Now look at the difference this change makes when calculating unit or topic final grades for four hypothetical students, as depicted in Figure 1.3. The grades reported in the second column of Figure 1.3 are for different assessments of the same standard or topic, not different topics, and are listed in chronological order, left to right. Zeros indicate missing assignments.

Figure 1.3. Grading Scale Comparisons

Grades

Cumulative Grade Based on 100-Point Grading Scale

Cumulative Grade Based on 0- to 12-Point Grading Scale

Student 1

A+, A+, A+, 0

D+ (75)

B+ (9)

Student 2

C, 0, C, C

F (60)

C− (3.75)

Student 3

C, A−, 0, B, B, C

D (72)

C+ (6)

Student 4

D, D, D, D, 0, D, D

F (62)

D (1.7)

We do not know why the first student demonstrated a high level of mastery of the targeted measurement topic three consecutive times and then failed to complete the last assessment—and that information is important. What we do know is that almost all teachers viewing these data do not feel, at the gut level, that a grade of D+ best reflects that student's knowledge of the targeted material. And even fewer teachers say they would fail the second and fourth students.

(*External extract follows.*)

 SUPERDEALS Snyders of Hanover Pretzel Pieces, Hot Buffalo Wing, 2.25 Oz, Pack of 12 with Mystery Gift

Again, one wonders, Why do we insist on using an assessment and grading system that yields results that fly in the face of teacher judgment?

A strong argument asserts that failing to complete assigned work is a behavioral problem that should be dealt with using behavioral rather than academic consequences. Therefore, a fourth option for dealing with missing assignments is to insist that they be completed using natural consequences such as student contracts, parent involvement and sanctions, lunch detention, and Saturday school as leverage.

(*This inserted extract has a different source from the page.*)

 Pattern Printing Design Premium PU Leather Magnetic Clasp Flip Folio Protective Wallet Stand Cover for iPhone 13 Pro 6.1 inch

For too many students, getting a zero for missing work and moving on is a reward—"Thank you. I didn't want to do the work in the first place." The natural consequence for not doing your work is having to do it—at a time and place not necessarily of your liking.

The Zeros Aren't Permitted (ZAP) program is designed to increase expectations for students who repeatedly or occasionally fail to complete and turn in homework assignments or projects on time. ZAP emphasizes the belief that homework assignments and projects are important and must be completed. A number of school websites, including those of Norco Intermediate (http://www.cnusd.k12.ca.us/domain/4511), Costa Mesa High School/Middle School (http://cmhs.nmusd.us/zap), Guyer High School (http://www.dentonisd.org/site/Default.aspx?PageID=6468), and Jemez Mountain Public Schools (http://www.jmsk12.com/?page_id=1743), list ZAP strategies that teachers and schools use to enforce the expectation that choosing not to do assignments is not an option—or at least not an option without consequences.

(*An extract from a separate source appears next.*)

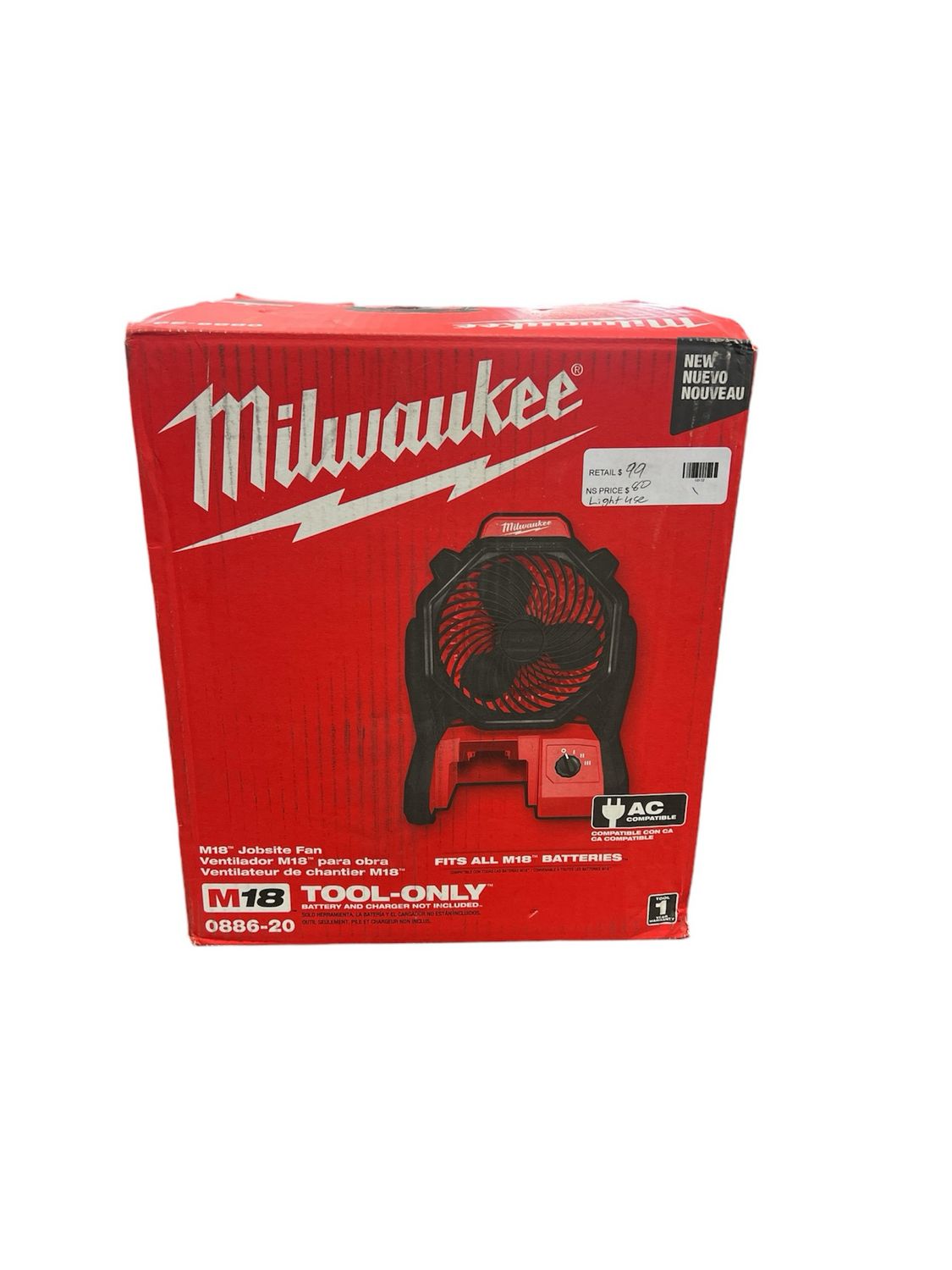 Milwaukee M18 Jobsite Fan, Cordless, 3-Speed Settings, 18 V, Includes AC Adapter, Red/Black, Tool-Only 0886-20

A final alternative to averaging in zeros for missing work is trend scoring, which is now included as an option in most grading software. The central concept is to assign a final topic grade or score based on a student's growth over the course of instruction rather than averaging scores earned at the beginning of instruction with scores earned later on. The assumption is that, with effective instruction, students will experience growth over time. Of course, some students may decide to disengage and therefore will receive lower scores later in a unit of instruction, but such disengagement suggests an emotional/behavioral problem that should be dealt with using emotional/behavioral strategies. With trend scoring, data points for missing assignments may not be significant factors when assigning final topic grades or scores if enough other evidence exists to support a conclusion. Chapter 4 includes more discussion of trend scoring.

Other solutions to the zero problem are offered in literature on the topic (see, for example, Guskey, 2004; O'Connor, 2009a; Reeves, 2004; and Wormeli, 2006). Of course, every solution presents its own drawbacks. The point isn't that there is one right approach to the problem of missing work, but rather that it is wrong to simply ignore this elephant in the room.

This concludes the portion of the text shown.